Ainsi, si les banques ont aujourd’hui la possibilité de convertir les devises dont elles disposent sous forme de billets de banque soit en dirhams, soit en devises, elles seront, dans un avenir proche, contraintes de ne les convertir qu’en devises seulement. Sachant que le flux annuel des billets de banques en devises (incluant une partie des transferts MRE et des recettes de tourisme) porte sur une moyenne proche de 40 MMDH, cette obligation devra forcément se traduire par une augmentation de la position de change des banques marocaines. Les banques se trouvant dans une situation excédentaire (notamment par rapport au seuil limite de 20% de fonds propres) seront amenées à livrer les autres banques en situation de besoin de devises.

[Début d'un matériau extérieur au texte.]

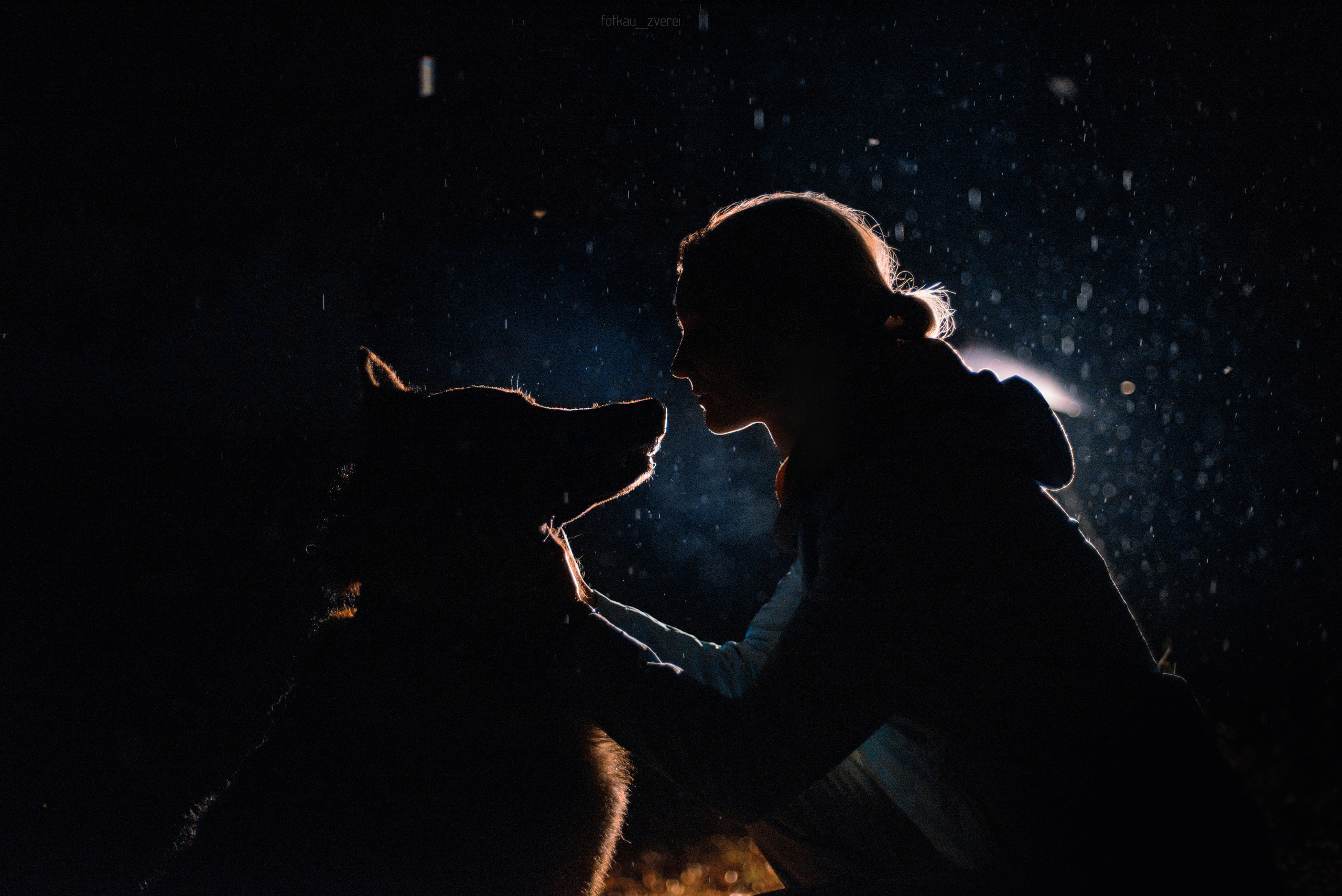 Темное: овчарка Ермак и Ира в лесу под дождем. Портфолио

C’est ainsi que BAM entend augmenter la liquidité sur le marché interbancaire de façon à susciter suffisamment de concurrence pour que les tarifs des couvertures contre le risque de change puissent êtres corrigés à la baisse.
Cela aura également le mérite de réduire le recours systématique des banques à la Banque centrale pour subvenir aux besoins de la clientèle. Du côté des banques commerciales, on rejette toute responsabilité concernant la cherté des prix des couvertures. La marge de la banque, dit-on, ne représente qu’une infime partie du coût global. Ce dernier inclut d’autres paramètres autres que la marge de la banque (taux d’intérêt, cours spot, volatilité, etc.). S’agissant du mode de régulation des cours de change dans le schéma à venir de la flexibilité du dirham, la Banque centrale devra dans une première phase maintenir ses interventions à un rythme quotidien. Au lieu de s’opérer de gré à gré avec chaque banque, la cession des devises par BAM se fera à travers des adjudications en fonction des besoins du marché. BAM sera amenée à fixer, chaque jour, un cours de référence moyen. «Cela permet d’introduire la notion de marché, en ce sens que les cours seront déterminés par l’offre et la demande et non par les autorités», explique Younes Issami.

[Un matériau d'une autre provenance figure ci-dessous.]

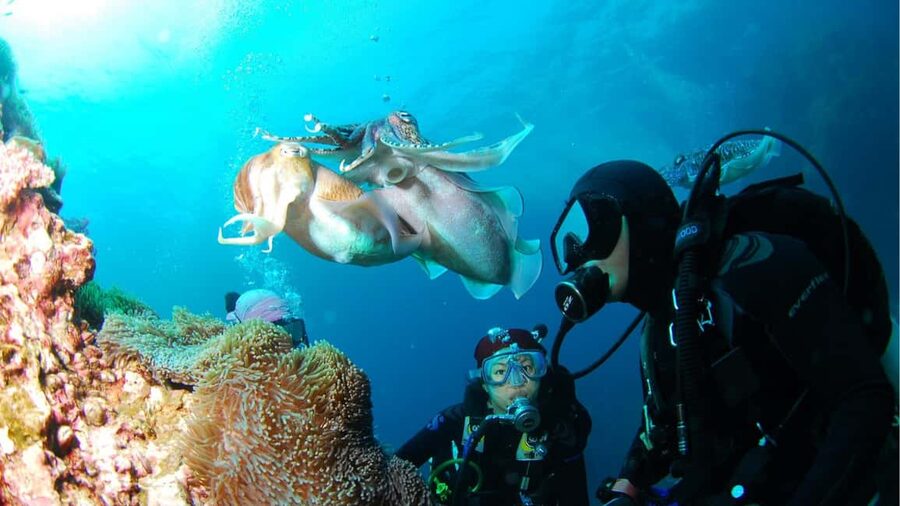 Punta Cana: Dive the Coral Paradise of Catalina Island - El Muro (the Wall): what the deeper stop is really like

Les PME seront-elles lésées ?
Les opérateurs doivent être sensibilisés aux facteurs déterminant les prix des couvertures. Le service n’est pas gratuit, ce qui est tout à fait logique. Dans une opération de couverture à terme, la banque emprunte d’abord le dirham, puis achète les devises et les place avant de les récupérer le jour J pour les mettre à la disposition de l’opérateur. Tout cela suppose un coût qui s’additionne à la marge de la banque. La Banque centrale n’a pas à fixer un quelconque prix pour ces couvertures, son rôle se limite à la surveillance des conditions appliquées à la clientèle. «Si nous constatons des abus par rapport à certaines catégories, en particulier les PME, nous allons inciter les banques à faire des efforts sur les tarifs», souligne Younes Issami.